Tongyi DeepResearch¶
external · status: active · focus: literature · discipline: general · started: 2025
Project page: https://github.com/Alibaba-NLP/DeepResearch
Source: projects/landscape/tongyi-deepresearch.yml
Positioning¶
An agentic large language model purpose-built for long-horizon deep-information-seeking tasks (arXiv:2510.24701), shipped both as open weights (30.5B total / 3.3B active) and as inference code with ReAct and 'Heavy' (IterResearch) modes. Sits in the literature/ synthesis block of the RISE diagram, with state-of-the-art reported results on agentic-search benchmarks (BrowseComp, FRAMES, Humanity's Last Exam).
Distinctive contribution¶
Treats agentic-research capability as a model-training problem, not just an orchestration problem: continual agentic pre-training, fully automated synthetic data generation, and end-to-end on-policy RL with GRPO. Distinguishes itself from prompt-engineering pipelines by shipping a model purpose-trained for research-style tool use.
Evaluation scores¶
| Dimension | Score (0–3) | Note |
|---|---|---|
| Lifecycle coverage | 1 | Three deep-research stages; not an end-to-end paper-writing pipeline. |
| Autonomy level | 3 | Runs end-to-end without per-step approval; long-horizon trajectories are the design target. |
| Architectural transparency | 3 | Open under Apache-2.0; arXiv:2510.24701 + technical blog document training and inference. |
| Inputs supported | 2 | Research-query inputs; ReAct and Heavy inference paradigms; HuggingFace + ModelScope deployment. |
| Outputs / reproducibility | 2 | Open weights and inference scripts; full training pipeline partially released. |
| Internal evaluation | 3 | Extensive benchmark results reported on BrowseComp, FRAMES, HLE, SimpleQA; state-of-the-art on several. |
| Openness | 3 | Apache-2.0; HuggingFace + ModelScope checkpoints; commercial deployment via Bailian. |
| Maturity / traction | 3 | 18k+ stars; production deployment via Aliyun Bailian; widely-discussed model release. |
| Cross-family policy | 0 | Self-trained model; no architectural cross-family policy. |
| Runtime assurance | 1 | IterResearch 'Heavy' mode adds test-time deliberation; no published claim-audit harness. |
| Cross-platform portability | 2 | HuggingFace + ModelScope + Bailian deployment; ReAct + IterResearch inference modes. |
Scored on 2026-05-18. See the evaluation rubric.
Tags¶
Pipeline stages: rq-formulation literature-discovery literature-synthesis
Architectural features: tool-use rag-knowledge-base iterative-loop
Inputs: research-question
Outputs: cited-response research-report
Data sources: web-search
Knowledge sources: web-search
Limitations¶
- Specialized for deep-information-seeking; does not produce papers, code, or replication packages directly.

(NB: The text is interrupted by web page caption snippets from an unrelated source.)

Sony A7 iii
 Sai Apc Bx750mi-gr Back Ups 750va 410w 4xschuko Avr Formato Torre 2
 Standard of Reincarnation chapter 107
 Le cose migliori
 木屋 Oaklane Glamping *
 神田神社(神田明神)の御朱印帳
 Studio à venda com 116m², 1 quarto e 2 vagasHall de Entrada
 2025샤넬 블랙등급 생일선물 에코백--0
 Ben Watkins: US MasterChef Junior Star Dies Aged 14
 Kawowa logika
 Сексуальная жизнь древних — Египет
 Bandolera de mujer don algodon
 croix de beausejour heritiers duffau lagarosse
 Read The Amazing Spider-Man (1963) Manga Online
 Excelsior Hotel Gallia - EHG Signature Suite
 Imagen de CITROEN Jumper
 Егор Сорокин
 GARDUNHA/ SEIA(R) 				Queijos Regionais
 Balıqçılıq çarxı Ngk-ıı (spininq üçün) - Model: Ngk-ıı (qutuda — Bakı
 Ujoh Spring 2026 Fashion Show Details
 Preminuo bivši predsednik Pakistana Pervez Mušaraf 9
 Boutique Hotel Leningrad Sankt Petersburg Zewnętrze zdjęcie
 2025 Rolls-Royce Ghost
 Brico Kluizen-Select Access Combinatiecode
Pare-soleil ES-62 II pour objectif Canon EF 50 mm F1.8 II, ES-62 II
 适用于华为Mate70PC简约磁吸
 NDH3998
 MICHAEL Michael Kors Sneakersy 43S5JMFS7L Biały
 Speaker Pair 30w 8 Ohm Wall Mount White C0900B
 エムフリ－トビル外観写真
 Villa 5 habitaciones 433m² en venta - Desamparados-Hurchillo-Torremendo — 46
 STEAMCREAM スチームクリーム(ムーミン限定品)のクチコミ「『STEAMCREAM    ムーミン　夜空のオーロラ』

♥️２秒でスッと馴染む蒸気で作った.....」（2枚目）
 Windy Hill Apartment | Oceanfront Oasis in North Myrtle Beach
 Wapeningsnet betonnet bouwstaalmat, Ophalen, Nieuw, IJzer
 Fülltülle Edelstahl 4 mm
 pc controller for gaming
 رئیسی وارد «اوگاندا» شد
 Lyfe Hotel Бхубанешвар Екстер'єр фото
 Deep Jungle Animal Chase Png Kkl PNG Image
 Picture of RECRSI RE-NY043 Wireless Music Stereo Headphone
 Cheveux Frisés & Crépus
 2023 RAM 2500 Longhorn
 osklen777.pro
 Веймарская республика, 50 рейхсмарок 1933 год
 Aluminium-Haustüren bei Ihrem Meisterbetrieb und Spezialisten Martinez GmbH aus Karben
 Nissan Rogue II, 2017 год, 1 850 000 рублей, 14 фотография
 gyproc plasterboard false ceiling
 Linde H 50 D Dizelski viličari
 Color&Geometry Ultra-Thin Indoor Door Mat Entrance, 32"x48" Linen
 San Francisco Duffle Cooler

- Heavy mode is compute-expensive; quality–cost trade-off non-trivial.
- Real-world agentic search depends on live web state — outputs not bitwise reproducible.
Related projects in this catalog¶
Papers describing this project¶
- Tongyi DeepResearch Technical Report — Tongyi DeepResearch Team (2025). arXiv (Alibaba). arXiv:2510.24701
Also compared in¶
- Agentic AI for Scientific Discovery: A Survey (
gridach2025agenticsurvey) — Covered as a deep-research agent trained via RL.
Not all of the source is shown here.